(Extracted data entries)
....................

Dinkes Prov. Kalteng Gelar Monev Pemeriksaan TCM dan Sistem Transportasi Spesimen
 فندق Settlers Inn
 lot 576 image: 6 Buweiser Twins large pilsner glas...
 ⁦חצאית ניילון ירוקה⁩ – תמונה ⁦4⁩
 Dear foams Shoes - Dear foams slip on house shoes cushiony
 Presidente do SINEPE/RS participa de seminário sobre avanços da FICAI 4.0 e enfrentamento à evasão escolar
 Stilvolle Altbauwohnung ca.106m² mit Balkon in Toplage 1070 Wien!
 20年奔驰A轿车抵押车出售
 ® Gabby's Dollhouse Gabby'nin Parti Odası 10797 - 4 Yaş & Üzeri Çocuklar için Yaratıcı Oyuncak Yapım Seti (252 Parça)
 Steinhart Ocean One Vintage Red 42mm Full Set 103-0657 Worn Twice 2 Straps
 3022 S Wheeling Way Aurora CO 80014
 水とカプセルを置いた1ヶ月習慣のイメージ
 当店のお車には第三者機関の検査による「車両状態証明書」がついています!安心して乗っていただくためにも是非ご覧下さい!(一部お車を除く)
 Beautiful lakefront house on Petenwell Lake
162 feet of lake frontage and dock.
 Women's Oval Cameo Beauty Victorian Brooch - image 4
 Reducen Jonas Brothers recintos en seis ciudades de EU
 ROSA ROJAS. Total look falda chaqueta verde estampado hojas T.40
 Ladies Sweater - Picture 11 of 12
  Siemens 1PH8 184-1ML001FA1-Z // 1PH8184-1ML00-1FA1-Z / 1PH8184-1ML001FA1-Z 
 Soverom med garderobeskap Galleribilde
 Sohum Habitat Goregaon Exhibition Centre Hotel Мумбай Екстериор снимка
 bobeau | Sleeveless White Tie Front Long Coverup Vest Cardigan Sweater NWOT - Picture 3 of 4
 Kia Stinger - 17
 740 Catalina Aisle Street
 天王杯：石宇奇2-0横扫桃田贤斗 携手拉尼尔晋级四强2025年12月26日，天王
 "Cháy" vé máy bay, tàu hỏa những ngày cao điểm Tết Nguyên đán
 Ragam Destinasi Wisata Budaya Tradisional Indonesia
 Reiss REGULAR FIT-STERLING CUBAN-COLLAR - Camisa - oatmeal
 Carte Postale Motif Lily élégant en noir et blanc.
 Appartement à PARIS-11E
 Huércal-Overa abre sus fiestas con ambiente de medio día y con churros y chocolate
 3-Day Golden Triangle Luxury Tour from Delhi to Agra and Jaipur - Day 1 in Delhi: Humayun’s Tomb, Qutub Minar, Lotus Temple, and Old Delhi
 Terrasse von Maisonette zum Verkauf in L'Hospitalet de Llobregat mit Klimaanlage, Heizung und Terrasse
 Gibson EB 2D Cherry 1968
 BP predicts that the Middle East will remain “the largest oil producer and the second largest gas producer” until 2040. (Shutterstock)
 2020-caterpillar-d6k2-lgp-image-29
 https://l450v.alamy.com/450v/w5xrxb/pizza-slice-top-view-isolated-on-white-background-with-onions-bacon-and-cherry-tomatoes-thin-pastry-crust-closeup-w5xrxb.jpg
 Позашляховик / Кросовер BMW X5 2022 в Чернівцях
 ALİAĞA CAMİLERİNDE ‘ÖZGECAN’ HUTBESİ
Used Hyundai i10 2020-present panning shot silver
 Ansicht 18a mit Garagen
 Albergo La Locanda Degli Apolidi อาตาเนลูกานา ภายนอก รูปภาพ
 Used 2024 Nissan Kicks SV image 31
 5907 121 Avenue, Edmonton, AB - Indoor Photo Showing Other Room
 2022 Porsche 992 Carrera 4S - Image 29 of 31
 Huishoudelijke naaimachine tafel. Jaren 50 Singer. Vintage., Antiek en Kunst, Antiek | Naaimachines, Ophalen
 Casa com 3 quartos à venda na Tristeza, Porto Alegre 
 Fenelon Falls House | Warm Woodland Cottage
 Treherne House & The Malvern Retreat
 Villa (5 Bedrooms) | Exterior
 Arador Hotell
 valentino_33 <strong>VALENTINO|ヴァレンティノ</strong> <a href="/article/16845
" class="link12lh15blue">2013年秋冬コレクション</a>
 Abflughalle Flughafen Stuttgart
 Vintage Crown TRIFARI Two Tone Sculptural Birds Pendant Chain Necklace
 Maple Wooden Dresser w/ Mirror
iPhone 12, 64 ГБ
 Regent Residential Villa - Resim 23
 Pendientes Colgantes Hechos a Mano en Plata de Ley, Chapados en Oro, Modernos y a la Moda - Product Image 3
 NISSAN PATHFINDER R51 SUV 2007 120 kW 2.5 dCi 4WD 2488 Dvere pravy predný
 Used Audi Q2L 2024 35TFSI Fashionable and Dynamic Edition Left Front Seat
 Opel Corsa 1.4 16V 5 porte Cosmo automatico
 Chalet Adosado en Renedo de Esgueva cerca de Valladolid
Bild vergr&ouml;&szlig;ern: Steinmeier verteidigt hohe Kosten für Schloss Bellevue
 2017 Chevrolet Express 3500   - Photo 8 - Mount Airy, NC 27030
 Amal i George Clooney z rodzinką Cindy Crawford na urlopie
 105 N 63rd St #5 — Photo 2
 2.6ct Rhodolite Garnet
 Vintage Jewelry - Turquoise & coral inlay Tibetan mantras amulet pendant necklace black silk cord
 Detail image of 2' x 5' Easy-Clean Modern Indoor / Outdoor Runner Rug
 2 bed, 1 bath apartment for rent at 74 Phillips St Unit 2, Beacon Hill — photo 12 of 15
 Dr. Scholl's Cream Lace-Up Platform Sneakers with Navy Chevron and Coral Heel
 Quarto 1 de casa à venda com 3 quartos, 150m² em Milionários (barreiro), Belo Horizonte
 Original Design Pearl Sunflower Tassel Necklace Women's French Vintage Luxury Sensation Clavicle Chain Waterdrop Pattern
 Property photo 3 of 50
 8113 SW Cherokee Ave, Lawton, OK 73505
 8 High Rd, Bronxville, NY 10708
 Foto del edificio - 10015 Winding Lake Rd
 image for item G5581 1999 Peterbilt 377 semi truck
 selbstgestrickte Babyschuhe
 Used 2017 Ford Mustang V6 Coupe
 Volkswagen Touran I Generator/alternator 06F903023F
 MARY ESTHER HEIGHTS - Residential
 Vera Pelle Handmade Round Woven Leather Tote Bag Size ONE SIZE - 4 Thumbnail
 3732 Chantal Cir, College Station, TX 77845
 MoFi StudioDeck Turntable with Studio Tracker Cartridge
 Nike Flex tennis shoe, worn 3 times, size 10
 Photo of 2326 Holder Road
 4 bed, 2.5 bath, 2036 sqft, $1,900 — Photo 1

....................

_TASK STATEMENT_
Output the lines of the records above exactly as they appear, from the line containing "2020-caterpillar-d6k2-lgp-image-29" through the line containing "Vintage Crown TRIFARI".

_ANSWER TO THIS EXERCISE_
 2020-caterpillar-d6k2-lgp-image-29
 https://l450v.alamy.com/450v/w5xrxb/pizza-slice-top-view-isolated-on-white-background-with-onions-bacon-and-cherry-tomatoes-thin-pastry-crust-closeup-w5xrxb.jpg
 Позашляховик / Кросовер BMW X5 2022 в Чернівцях
 ALİAĞA CAMİLERİNDE ‘ÖZGECAN’ HUTBESİ
Used Hyundai i10 2020-present panning shot silver
 Ansicht 18a mit Garagen
 Albergo La Locanda Degli Apolidi อาตาเนลูกานา ภายนอก รูปภาพ
 Used 2024 Nissan Kicks SV image 31
 5907 121 Avenue, Edmonton, AB - Indoor Photo Showing Other Room
 2022 Porsche 992 Carrera 4S - Image 29 of 31
 Huishoudelijke naaimachine tafel. Jaren 50 Singer. Vintage., Antiek en Kunst, Antiek | Naaimachines, Ophalen
 Casa com 3 quartos à venda na Tristeza, Porto Alegre 
 Fenelon Falls House | Warm Woodland Cottage
 Treherne House & The Malvern Retreat
 Villa (5 Bedrooms) | Exterior
 Arador Hotell
 valentino_33 <strong>VALENTINO|ヴァレンティノ</strong> <a href="/article/16845
" class="link12lh15blue">2013年秋冬コレクション</a>
 Abflughalle Flughafen Stuttgart
 Vintage Crown TRIFARI Two Tone Sculptural Birds Pendant Chain Necklace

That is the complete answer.